Despite initial pacing issues, which felt a little choppy, I loved Rogue One. The film follows establishes its protagonists history quickly, then moves on to her meeting the ensemble cast. Unlike traditional Star Wars films, there are no screen wipes and the score is not by John Williams. Despite this, the new approach brings a gritty realism to a universe that has always featured, but rarely shown, its fair share of death, desperate struggle and slim odds against a great evil.

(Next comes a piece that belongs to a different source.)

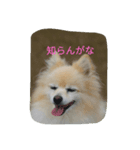相槌ポメラニアン（個別スタンプ：6）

In following Jyn, we learn about the shades of good and evil that the rebel alliance and empire live between. Neither organisation is truly one or the other – but the Death Star represents an oppressive terror too great for any ‘good guy’ to ignore. We follow Jyn’s attempts to find her father and steal the plans to the station – but, thanks to the opening scroll of Episode IV, we all know how it’s going to end for the characters.
The cinematography throughout was fantastic, with wide establishing shots introducing space battles and new locales alike. We see Jedha, a sand world similar to Tattoine and Jakku, but rich in Jedi lore. We also see beach worlds, rocky inhospitable worlds and lush greenery. However, given the quick transitions between locations we don’t get to see much of any.
The characters are where any ‘group’ style film should shine, and Rogue One’s really do. You don’t get much time to know any, yet the cast is fantastic and come together to be greater than the sum of their parts. Alan Tudyk’s K2SO is a great bit of comedic relief who, despite threatening to be overly cheesy, lands the punchlines perfectly each time. Diego Luna’s Cassian is the only character that sees a full story arc in the film and went from being someone I didn’t care for to a hero. Donnie Yen’s warrior monk character, with his ‘I am one with the force, the force is with me’ chant is perfect.
The film excels in battle. It’s a military movie in Star Wars costumes, showing the scale of AT-ATS and the terror they strike into the non-Jedi combatants of the war. The rebel alliance are fallible, and their sacrifices become all the more real as you watch them face almost certain death to capture a slim chance at success.
Ultimately, it’s that chance of failure that compels you through this film. There are no jedi mind tricks to slip out of a trap, no lightsabers to save the day. Instead it’s the heroism of the band Jyn pulls together that must win the day. The only low points were a questionable quip by Darth Vader (who really shouldn’t be cracking naff jokes) and using computer imagery to bring Peter Cushing back to life. Dodgy CGI resurrections of classic characters aside, I absolutely loved this film.
Rating: 8/10 bananas. A choppy start, dodgy CGI and perhaps not enough time invested in some characters, but a grittier look at the Star Wars universe that’s a treat for all involved.